----- Collected data -----

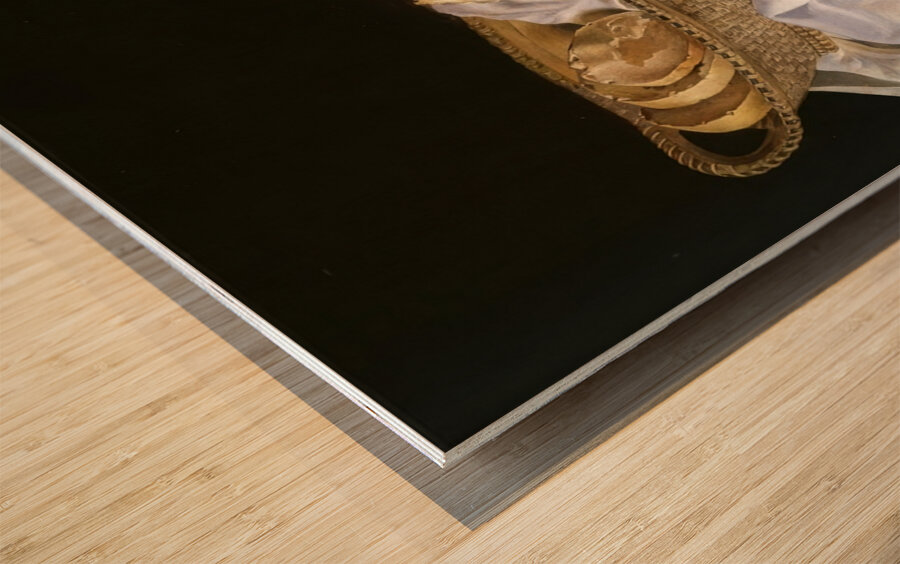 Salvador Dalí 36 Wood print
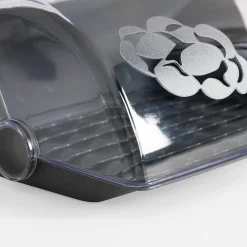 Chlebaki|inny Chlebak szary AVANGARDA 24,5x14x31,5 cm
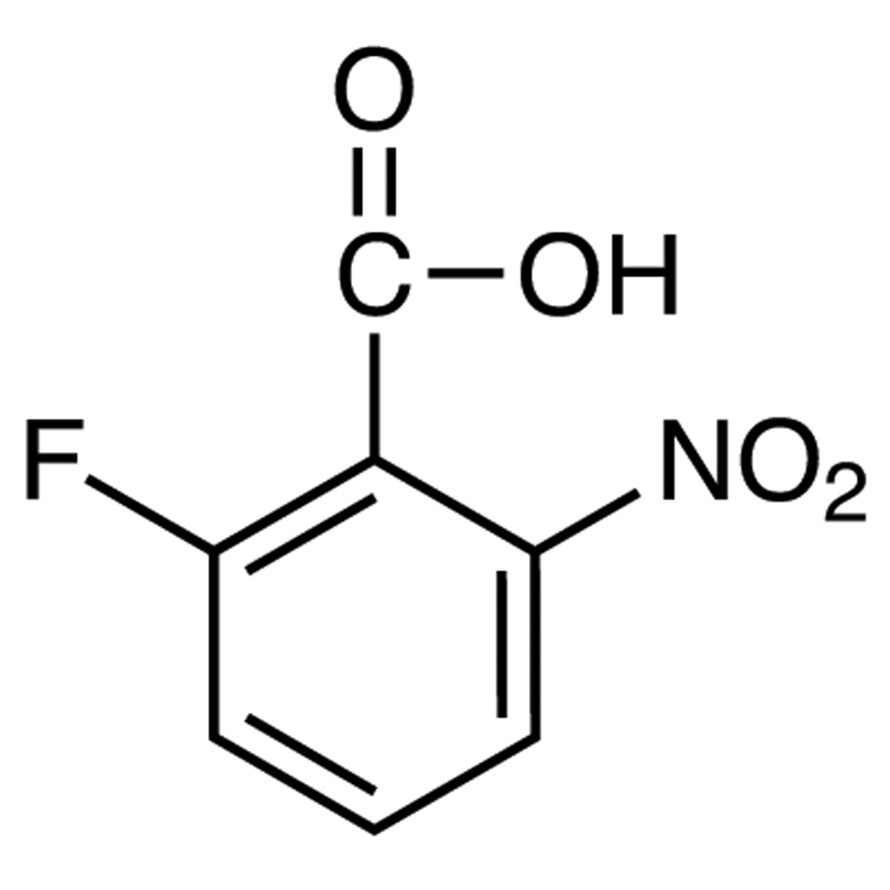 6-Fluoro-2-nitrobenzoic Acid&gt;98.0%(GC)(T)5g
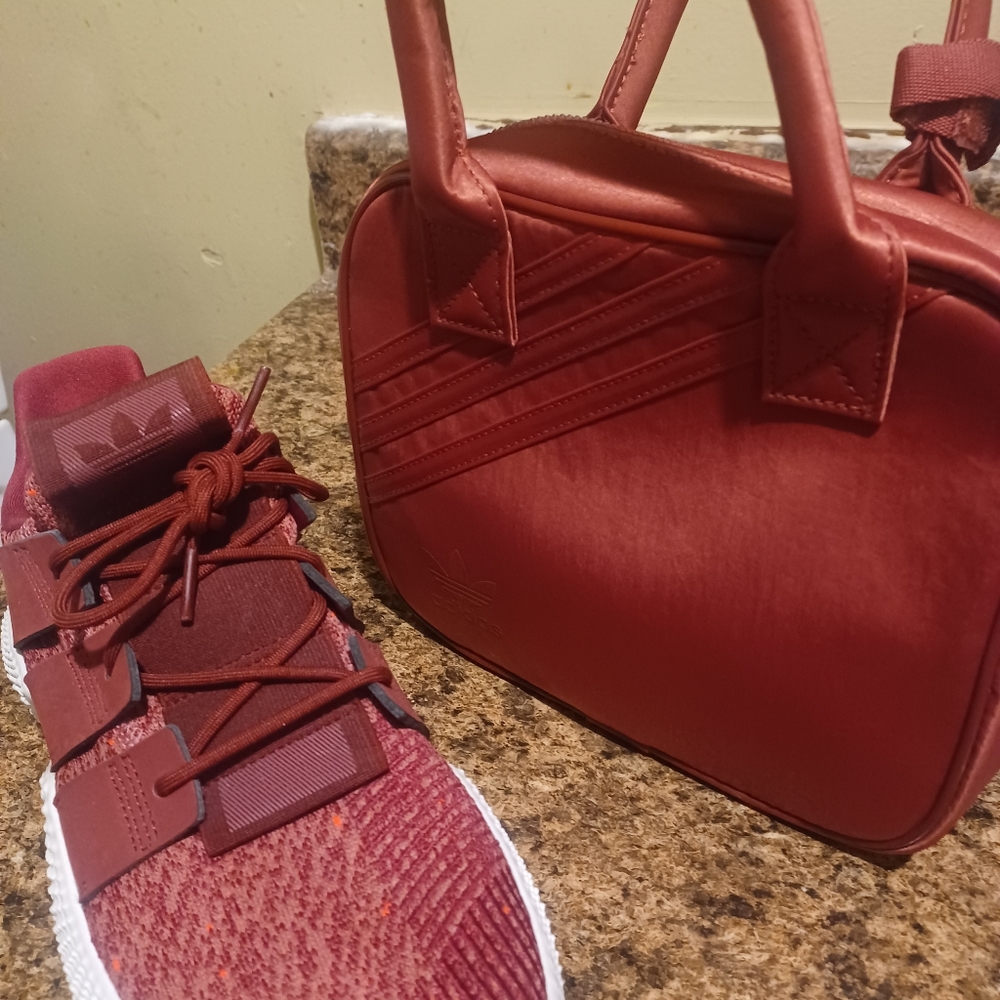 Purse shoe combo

-----

Assignment :: Print only the lines running from the line that contains "6-Fluoro-2-nitrobenzoic Acid&gt;98.0%(GC)(T)5g" to the final line of the listing, both included. Omit every picture.

Answer section ::
 6-Fluoro-2-nitrobenzoic Acid&gt;98.0%(GC)(T)5g
 Purse shoe combo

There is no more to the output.